▶ TASK DETAILS
The line containing "#ABCDNoticias #2DeOctubreNoSeOlvida #El2", and every line after it to the end of the listing, should be repeated exactly; the pictures should not.

▶ SUPPLIED DATA
────────────────────────────────────────
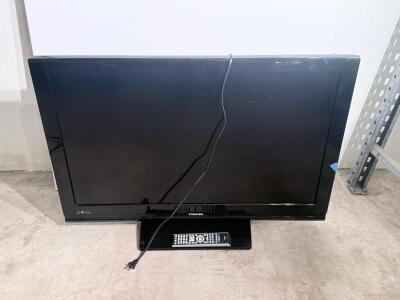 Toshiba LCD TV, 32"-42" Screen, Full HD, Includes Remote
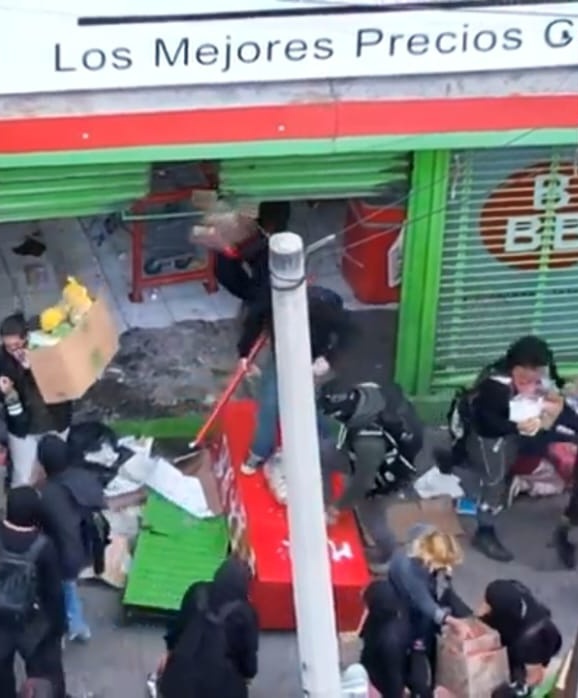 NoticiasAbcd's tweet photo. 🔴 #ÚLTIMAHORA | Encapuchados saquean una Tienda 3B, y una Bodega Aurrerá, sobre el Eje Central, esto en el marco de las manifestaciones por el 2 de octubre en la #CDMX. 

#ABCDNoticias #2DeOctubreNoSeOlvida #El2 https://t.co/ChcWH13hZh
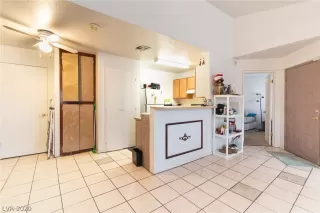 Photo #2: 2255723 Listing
────────────────────────────────────────
▶ RESULT
#ABCDNoticias #2DeOctubreNoSeOlvida #El2 https://t.co/ChcWH13hZh
 Photo #2: 2255723 Listing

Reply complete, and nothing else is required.